Default batch size is 32. Other batch sizes can be set via batch_size argument of image_dataset_from_directory. Images are 128x128 and have 3 color channels. We have two classes (cats and dogs), thus two columns for one-hot encoded labels.

Let’s have a look at the images:

images = 1/255 * images    # scale to range [0, 1]

rows = 4
cols = 8

fig, axs = plt.subplots(4, 8, figsize=(14,8))

for r in range(0, rows):
    for c in range(0, cols):
        idx = r * cols + c
        axs[r, c].imshow(images[idx, :, :, :])
        if labels[idx, 0] == 1:
            axs[r, c].set_title('cat')
        else:
            axs[r, c].set_title('dog')
        axs[r, c].axis('off')

plt.show()
../../../_images/cnn-keras_8_0.png

Defining the CNN#

There is nothing special in defining a CNN with Keras. We simply have to use the correct layer types. We need Conv2D, MaxPooling2D and Dense.
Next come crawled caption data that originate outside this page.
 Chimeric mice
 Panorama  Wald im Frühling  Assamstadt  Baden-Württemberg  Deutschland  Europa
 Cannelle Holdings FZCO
To scale the image’s range to \([0, 1]\) we may use a Rescaling layer.

Important

Due to a bug in TensorFlow 2.9 and above training of Keras models with preprocessing layers is extremely slow. See TensorFlow issue for current discussion.
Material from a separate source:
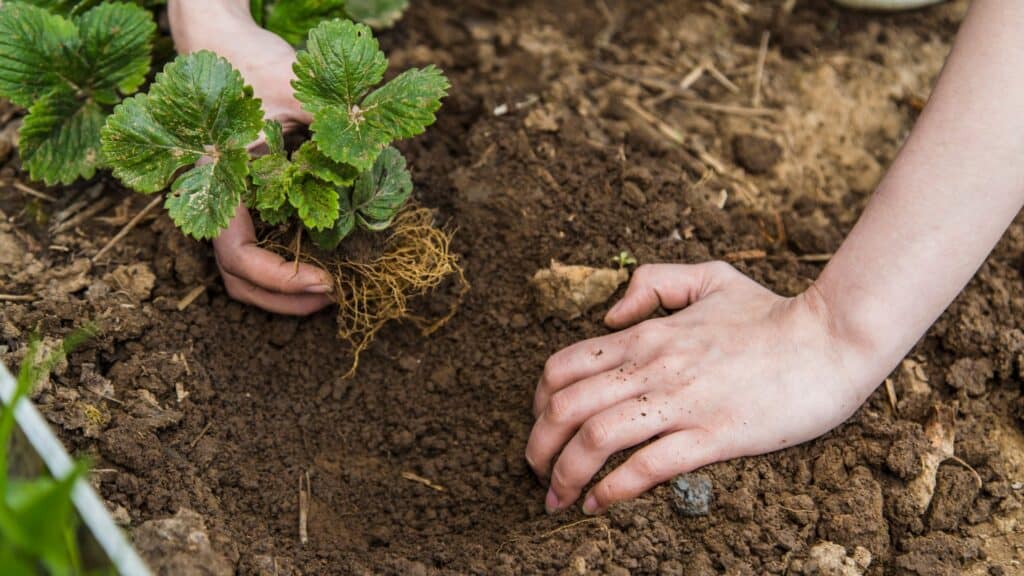 How to Double Your Harvest with this Planting Pairing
model = keras.models.Sequential()

model.add(keras.Input(shape=(img_size, img_size, 3)))
model.add(keras.layers.Rescaling(1/255))

model.add(keras.layers.Conv2D(16, 3, activation='relu', name='conv1'))
model.add(keras.layers.Conv2D(16, 3, activation='relu', name='conv2'))
model.add(keras.layers.MaxPooling2D(name='pool1'))
model.add(keras.layers.Conv2D(32, 3, activation='relu', name='conv3'))
model.add(keras.layers.Conv2D(32, 3, activation='relu', name='conv4'))
model.add(keras.layers.MaxPooling2D(name='pool2'))

model.add(keras.layers.Flatten( name='flatten'))

#model.add(keras.layers.Dropout(0.5, name='dropout'))
#model.add(keras.layers.Dense(10, activation='relu', kernel_regularizer='l2'))

model.add(keras.layers.Dense(10, activation='relu', name='dense1'))
model.add(keras.layers.Dense(10, activation='relu', name='dense2'))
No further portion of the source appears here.